If you are familiar with probability notation, a p value gives you P(D|H) which in words is the probability of the data given your hypothesis.

What you are asking about is the opposite. P(H|D) is the probability of the hypothesis given the data. You would need Bayesian methods for that.
 
  • #17
Oopsa, I wrote "NOT useless" but I meant useless for the purposes tested. What's the Bayesian approach to the magnetic coin?
 
  • #18
Jonathan212 said:
What's the Bayesian approach to the magnetic coin?
Here is a good tutorial on the topic.

https://www.quantstart.com/articles...a-Binomial-Proportion-The-Analytical-Approach
One important concept in Bayesian statistics is the idea of a prior probability. It is a mathematical expression of your beliefs before looking at the data. So, in this case, do we go in assuming that this coin is probably like most coins or do we come in suspicious that this coin may not be typical?

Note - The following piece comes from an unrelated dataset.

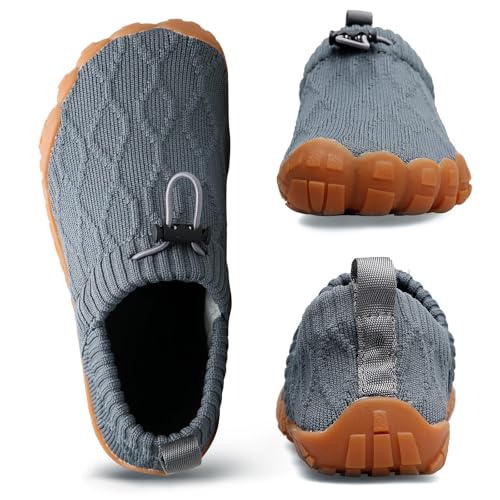 Toddler and Little Kids Slip On Shoes Kids Boy Breathable Wide Barefoot Shoes Kids Quick Dry Outdoor Non-Slip First Walking Sports Sneakers4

Whatever our prior beliefs are, we express it as a beta distributed random variable, ##Beta(\alpha,\beta)##. Then, after we do the experiment we update our posterior beliefs as ##Beta(\alpha+n,\beta+m)## where n is the number of heads and m is the number of tails.
 
  • #19
If we have no beliefs, no assumptions like "the coin is magnetic" or "it is biased to produce heads 65% of the time", is the bayesian approach hopeless?
 
Last edited:
  • #20
Jonathan212 said:
If we have no beliefs, no assumptions like "the coin is magnetic" or "it is biased to produce heads 65% of the time", is the bayesian approach hopeless?

You could start with the belief that the lottery is a fraud and test that hypothesis. Then you would have to describe the data that would support your hypothesis and test for that. What data would indicate a fraud?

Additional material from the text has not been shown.